Home è un mondo virtuale molto realistico a cui si potrà accedere direttamente dal menu della Playstation.

Home 2

Il punto secondo me non è tanto se Home soppianterà o meno Second Life nei gusti del pubblico.
Il punto è che stiamo assistendo alla definitiva consacrazione di un nuovo medium. Un medium che nel giro di un anno sta passando da pseudo-medium buono solo per giocare a medium con la emme maiuscola.
La scelta di Sony sancisce una vera e propria svolta: il primo produttore mondiale di consolle per videogames ha finalmente capito di avere in casa una tecnologia che, oltre a far divertire, è perfetta per un sacco di altre cose.

La mia impressione è che stia iniziando una sostanziosa redistribuzione di funzioni.
Per fare un esempio, pensiamo a quello che sta succedendo con il web nei confronti della stampa e della televisione.
Negli ultimi decenni la televisione e la stampa si sono sobbarcate il ruolo di dispensatori di informazione: se volevi sapere cosa stava succedendo nel mondo, dovevi accendere la televisione o aprire il giornale.
Con l’avvento del web le cose hanno iniziato a cambiare. Il web si è dimostrato un medium molto più adatto all’informazione, capace di una velocità che sta mettendo in seria difficoltà tante testate giornalistiche, e di un grado di approfondimento che la tv si può solo sognare. Senza contare che l’informazione sul web è molto meno filtrata.

D’altro canto, anche il web negli ultimi anni si è sobbarcato una serie di funzioni che non gli calzano proprio a pennello.
La sua natura asincrona e (iper)testuale si presta fino ad un certo punto a rappresentare uno spazio sociale, e non basterà un “2.0″ messo in coda a risolvere alla radice una serie di questioni.

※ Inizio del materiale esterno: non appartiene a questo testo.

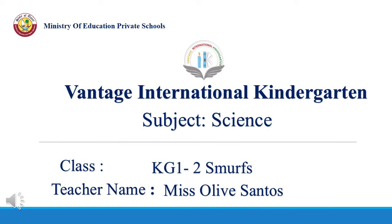Vantage International Kindergarten. Good morning, KJ12 Smurfs! How are you today? All are good! My name is Miss Olive and today I will teach you a new lesson.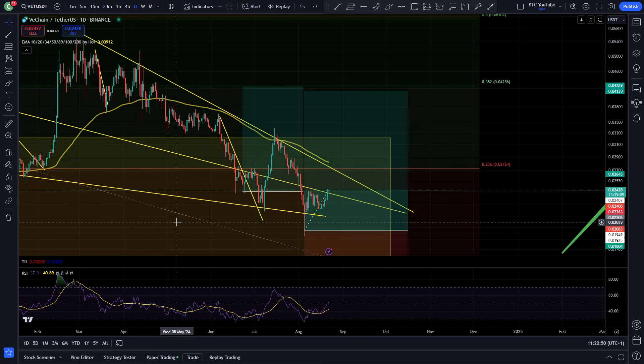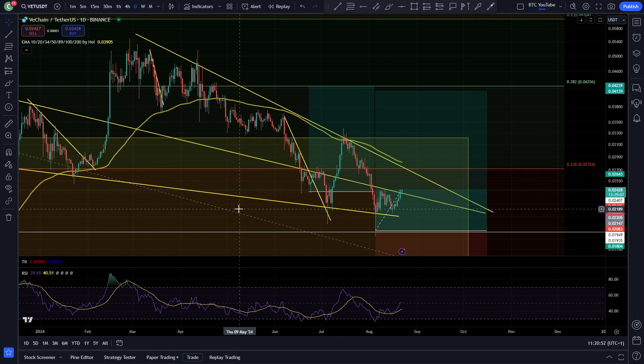Alright, what is up boys and girls? Welcome back to another video. As always, thank you very much for joining me. I am CryptoMaximalist.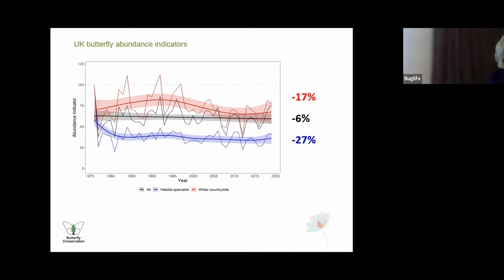This multi-species indicator graph provides an overall summary of changes in abundance for the State of Butterflies report 2022. It illustrates the UK butterfly abundance indicators for all species in black, habitat specialists in blue, and wider countryside species in red. Thick lines show the smoothed indicators with confidence intervals in the shaded areas, and thin lines show the raw unsmoothed values. Since 1976, species abundance has declined six percent, with wider countryside species on a 17 percent decline, while habitat specialist abundance declined by 27 percent.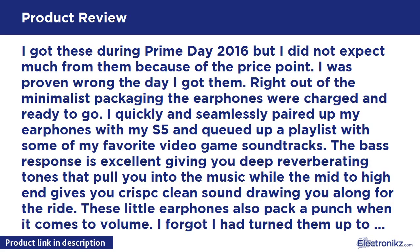I got these during Prime Day 2016 and did not expect much because of the price point. I was proven wrong the day I got them. Right out of the minimalist packaging the earphones were charged and ready to go. I quickly and seamlessly paired them with my S5 and queued up a playlist with some of my favorite video game soundtracks.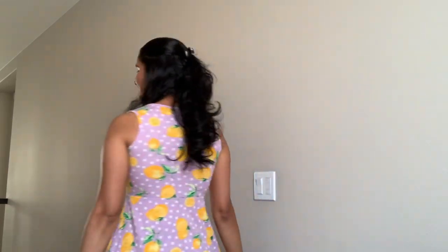Outfit number two is this dress I got at Walmart. It's a lavender dress with lemons on it — so cute! The lemons just scream summer to me, like lemonade. I love the lavender color and how it works with the pop of yellow. I just have my bangle on, nothing special since I'm at home. It's a cute little sleeveless summer dress.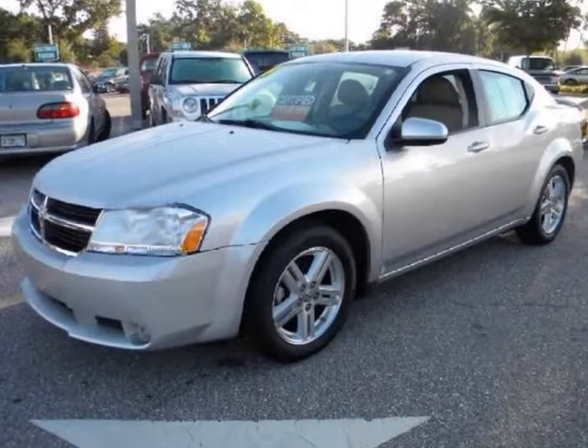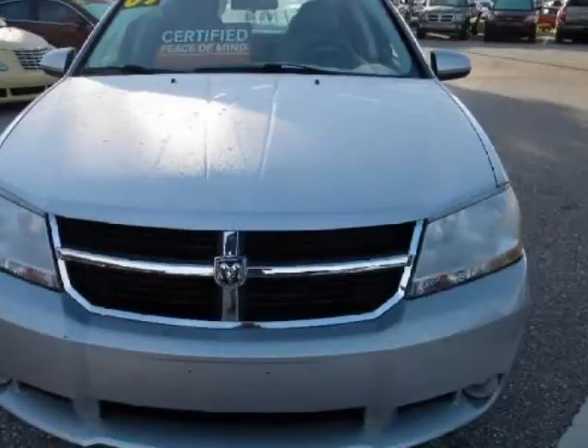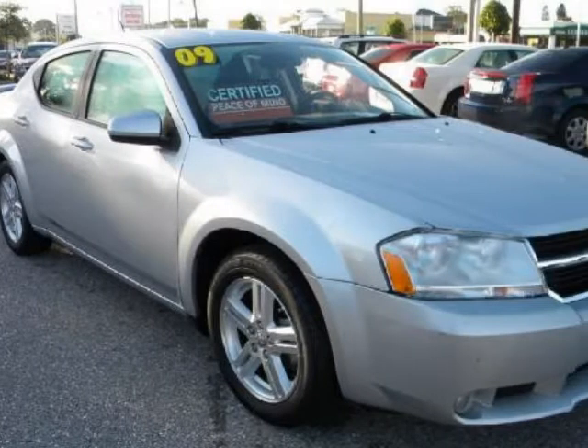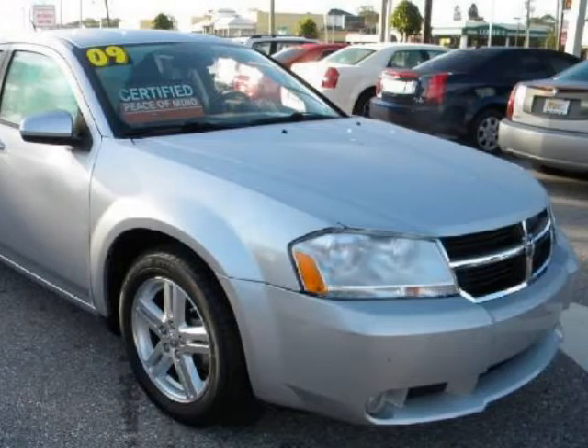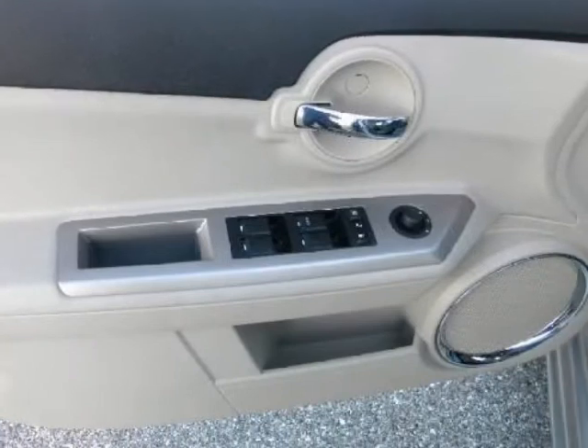We think you will love this pre-owned 2009 Dodge Avenger 4-door sedan R/T, which has 48,159 miles. It comes fully equipped with a 2.4-liter DOHC Dual VVT 16-valve I-4 engine, 2nd row bench seat, 4-wheel ABS, and many other features.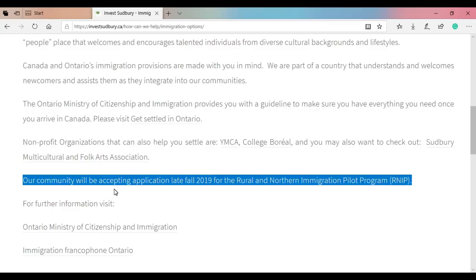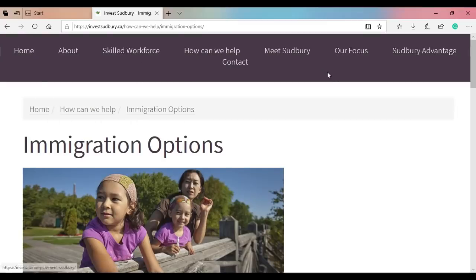Once it is announced that the pilot will start, there will be a ministerial instruction concerning the pilot and you will find it on the Government of Canada website with a start date. Once the start date is announced, all the details will be updated on their website. For more information, come to the Sudbury website and get the information you need. Thank you so much for watching and see you in my next video.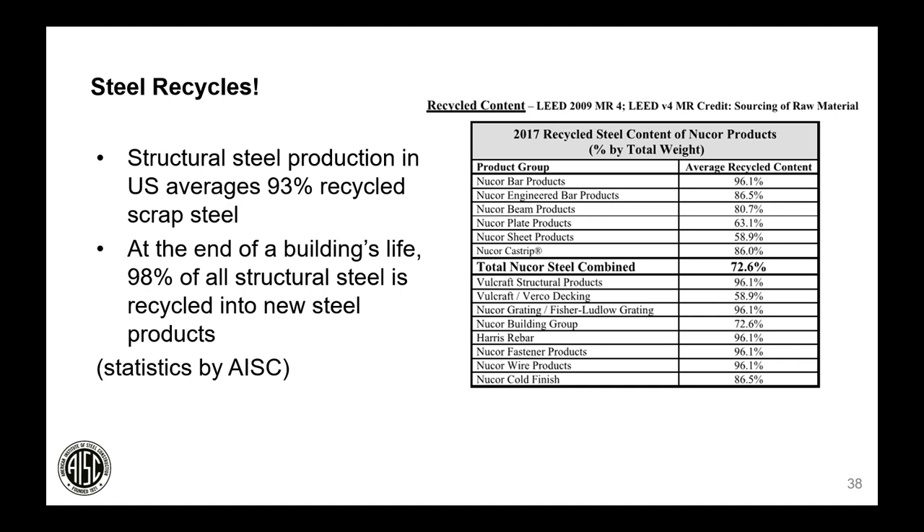One of the main benefits of the electric arc furnace is that it allows the use of almost entirely scrap steel. Structural steel production in the United States averages 93% recycled scrap steel, and according to AISC, virtually all structural steel is recycled into new products at the end of a building's life. Structural shapes can be made almost entirely from scrap steel, whereas plate and sheet products require some contribution from iron ore due to different chemistry requirements.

Il successo di Second Life e la svolta di Sony (ma altri grandi marchi non staranno a guardare ancora per molto) stanno lì a sancire che da oggi anche il web deve fare i conti con un nuovo medium. Un medium che ha smesso ufficialmente di… giocare.

Sulla questione “meglio Second Life o Home”, io direi che il problema non si pone: meglio un mondo “user created content” ma graficamente acerbo, o un mondo “sony created content” molto realistico?

In altre parole, non vedo una gran sovrapposizione.

8 Responses to “Playstation3 Home: la consacrazione definitiva di un nuovo medium?”

  1. bezerker Says:

    a me sta simulazione di vita cosi’ esplicita non piace proprio… non mi coinvolge … mi sembra troppo geek non so resto perplesso,..,., se una cosa e’ finta deve essere palesemente finta (Mii) … commento assolutamente personale

  2. Pano Says:

    Sarà la consacrazione dell’adver-gaming, non so se ridere o piangere.
    Un po’ come quando i banner hanno invaso internet, era bello pensare di far parte finalmente di qualcosa di globale, ma si ruppe un po’ l’incantesimo.

    Comunque una mossa importante in un momento di grande confusione “nextgen”, una golosa esca per far capire le potenzialità di PS3 e un bel cut&paste tecnologico in pieno stile Microsoft.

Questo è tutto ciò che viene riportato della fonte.